Niemiecki raper zabity w Syrii. Deso Dogg zginął podczas nalotu
Niemiecki dżihadysta Denis Cuspert - propagandowy symbol Państwa Islamskiego - został zabity podczas walk w mieście Gharanidż - podała wspierająca IS agencja informacyjna Wafa.
Deso Dogg zginął podczas jednego z nalotów w prowincji Dajr az-Zaur we wschodniej części Syrii - głosi oświadczenie Wafa, do którego dotarła amerykańska grupa SITE Intelligence Group, która monitoruje działania islamskich fanatyków. Agencja opublikowała też zdjęcia, które mają potwierdzać śmierć 43-latka.
Mający obywatelstwo Niemiec i Ghany Denis Cuspert wyjechał z Niemiec, aby walczyć w szeregach IS ponad cztery lat temu.
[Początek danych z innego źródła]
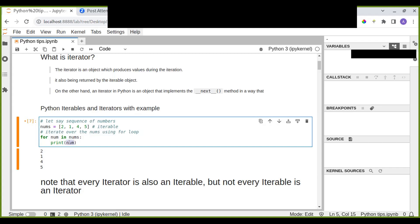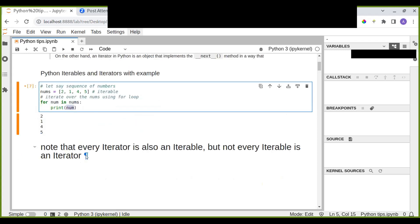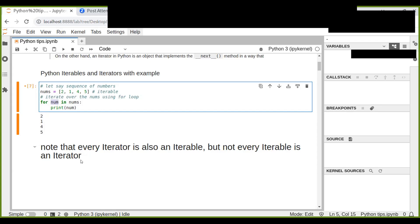So this is the basic difference — you have to understand which is the iterable and which is the iterator. Note that every iterator is also an iterable, but not every iterable is an iterator.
Zmienił imię oraz nazwisko na Abu Talha al-Almani i szybko stał się ikoną propagandy dżihadystów, a zarazem najsłynniejszym z zachodnich bojowników tego ugrupowania w Syrii.
Wzywał do zamachów
Pojawiał się w wielu filmach propagandowych, a w jednym z nich widać, jak trzyma głowę zabitego jeńca. Zasłynął też z nagrania, w którym groził śmiercią byłemu prezydentowi USA Barackowi Obamie.
Był uznawany za główną osobę w procesie rekrutacji w Niemczech kandydatów na bojowników IS. Wielokrotnie zachęcał też zachodnich muzułmanów do przeprowadzania zamachów. Sam zradykalizował się ok. 2010 roku, kończąc karierę muzyczną.
To już trzeci komunikat o śmierci 43-latka od czasu, kiedy wyjechał do Syrii. W roku 2015 o zabiciu islamisty informował Pentagon, a rok wcześniej samo Państwo Islamskie.